EL - Qual sua expectativa com
relação a esse filme?
A.C.V - Sempre alimentei grandes
expectativas e acho que não vou me decepcionar. Antevejo algumas cenas a partir
do que vi em “A Canga”. Marcus sempre falou comigo sobre o roteiro, alterações
que fez, o cuidado para que o filme não ferisse suscetibilidades. Marcus deve
ter captado isso com a sensibilidade que tem.
EL - Como é seu processo de
criação?
A.C.V - Criar é algo bem
complicado. Há dias em que não somos capazes de escrever uma linha. Outros,
basta pôr a primeira palavra que o resto vem de roldão. Sou muito disciplinado
e quem não for não faz nada na vida. Todo dia me acho na obrigação de escrever
alguma coisa, mesmo que não dê em nada. Seria bom que sempre desse em alguma
coisa, mas isso é impossível. O importante é estar disponível, não ter medo de
perder tempo com algo que pode resultar em fracasso. Às vezes penso que
determinada história não vai dar em nada e, de repente, com mais uma volta do
parafuso, eis que ela rende o impensável. Escrever tem dessas surpresas. Como
sou muito meticuloso, demoro muito a terminar um conto. E, mesmo quando o dou
por concluído, sempre acho que poderia ficar melhor. É aquela eterna insatisfação
de quem pretende fazer arte.
Capa de O meio do mundo e outros contos |
EL - A literatura sempre foi a
grande fornecedora de idéias para o cinema mundial, desde o século passado,
haja vista produções como E o Vento Levou, Cidade de Deus, O Pagador de
Promessas entre tantos exemplos que poderia citar. Na sua opinião a literatura
e o cinema, essas duas formas de arte, se completam e se entendem
perfeitamente?
A.C.V - O que nenhum autor pode
querer é que o filme seja uma ilustração do romance, do conto ou do poema.
Assim não seria cinema. O cinema tem sua linguagem, e muitas vezes o que
funciona no papel não funciona na tela. Não gosto quando as pessoas falam
assim: “O filme é melhor do que o livro”, ou vice-versa. Cada um deve ser visto
dentro da forma que lhe é peculiar: literatura é palavra; cinema é imagem.
Cinema, televisão, literatura sempre vão se entender. O que se precisa fazer é
dar educação para que o leitor-espectador veja cada um dentro de seus limites.
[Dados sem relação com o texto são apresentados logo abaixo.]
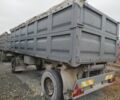 КамАЗ Другая, об'ємом двигуна 0 л та пробігом 0 тис. км за 15900 $, фото 5 на Automoto.ua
Pior quando dizem “não li o livro mas vi o filme (ou a minissérie)”, como se
uma coisa substituísse a outra. Assim não dá.
EL - Fala um pouco do início de
sua carreira, de quando o senhor descobriu que era um autor e quando teve a
certeza que queria seguir essa carreira.
A.C.V - Escrever todo mundo quer
um dia na vida. Eu comecei por acaso, quando comprei minha primeira máquina de
escrever. Assim que cheguei em casa com aquela conquista, pus um folha de papel
e deixei que viesse da minha cabeça qualquer coisa, sem censura prévia, mas sem
pretensão nenhuma de ser escritor. Veio uma história interessante que eu nunca
imaginei ser possível eu criar. É o conto “Brincar de manja”, que está em O
meio do mundo e outros contos. Gostei da experiência e continuei escrevendo.
Quando tinha um bom número de contos, apresentei a algumas pessoas que
entendiam do riscado e elas me incentivaram a continuar. Aí veio Brincar de
Manja (1974). Depois, Em Pleno Castigo (1981), O Meio do Mundo (1993), O Meio
do Mundo e outros Contos, este uma seleção dos melhores contos dos três
anteriores, publicado em 1999, pela Companhia das Letras. E agora, Aberto está
oIinferno (2004), também pela Companhia. Como vê, trabalho devagar, com muito
cuidado. Ter chegado à Companhia das Letras para mim foi o ponto mais
importante da minha carreira, que começou praticamente de uma brincadeirinha.
EL - Lembra de algum momento
ligado ao seu trabalho que o deixou triste, magoado?
A.C.V - O Meio do Mundo e outros
Contos tinha sido indicado como leitura obrigatória para o vestibular da UFS
(Universidade Federal de Sergipe) e depois a própria universidade o retirou
porque disse que era pornográfico. Uma universidade! Algo inaceitável. Eu não
trabalho com pornografia, mas com o erotismo, que refino até onde posso.